** DATA SUPPLIED follows **
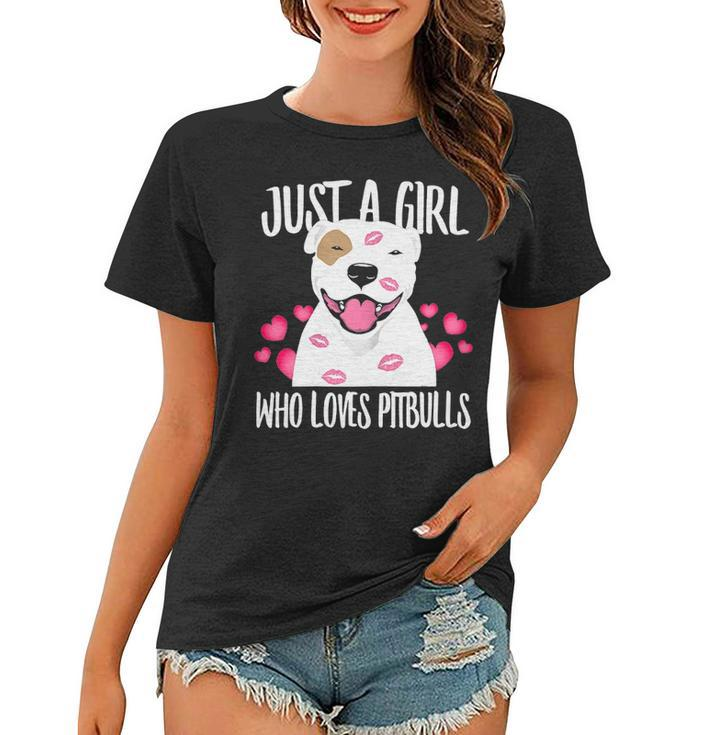 Just A Girl Who Loves Pitbulls Pitty Dog Puppy Dad Mom Women T-shirt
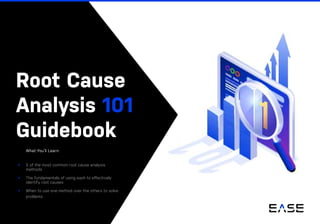 Root Cause
Analysis 101
Guidebook
What You’ll Learn:
> 5 of the most common root cause analysis
methods
> The fundamentals of using each to effectively
identify root causes
> When to use one method over the others to solve
problems
 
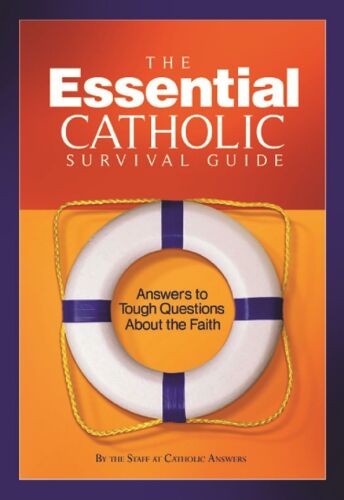 The Essential Catholic Survival Guide: Answers to Tough Questions About the Faith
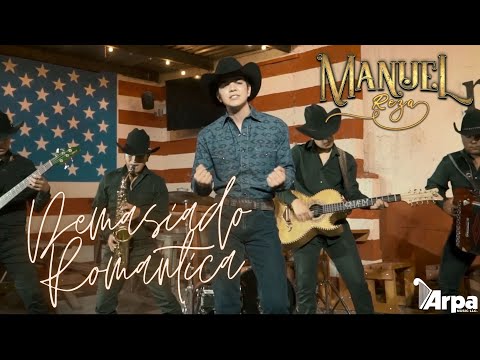 Manuel Reza - Demasiado Romantica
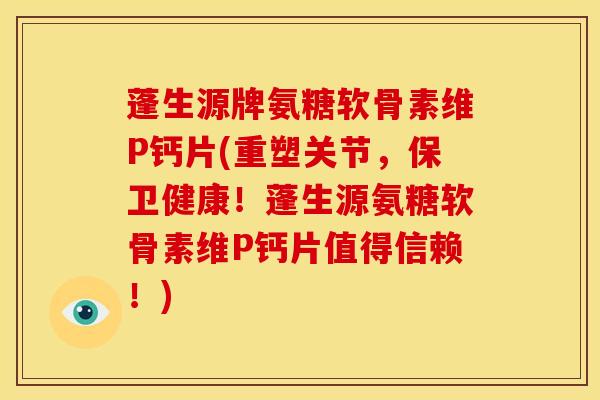 蓬生源牌氨糖软骨素维P钙片(重塑关节，保卫健康！蓬生源氨糖软骨素维P钙片值得信赖！)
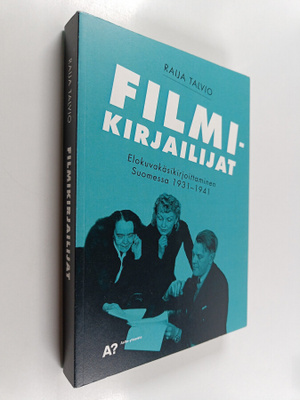 Raija Talvio : Filmikirjailijat : elokuvakäsikirjoittamin...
** End of DATA SUPPLIED **
The pictures should not be reproduced; quote all of the other material exactly.

> WRITTEN SOLUTION:
 Just A Girl Who Loves Pitbulls Pitty Dog Puppy Dad Mom Women T-shirt
 Root Cause
Analysis 101
Guidebook
What You’ll Learn:
> 5 of the most common root cause analysis
methods
> The fundamentals of using each to effectively
identify root causes
> When to use one method over the others to solve
problems
 
 The Essential Catholic Survival Guide: Answers to Tough Questions About the Faith
 Manuel Reza - Demasiado Romantica
 蓬生源牌氨糖软骨素维P钙片(重塑关节，保卫健康！蓬生源氨糖软骨素维P钙片值得信赖！)
 Raija Talvio : Filmikirjailijat : elokuvakäsikirjoittamin...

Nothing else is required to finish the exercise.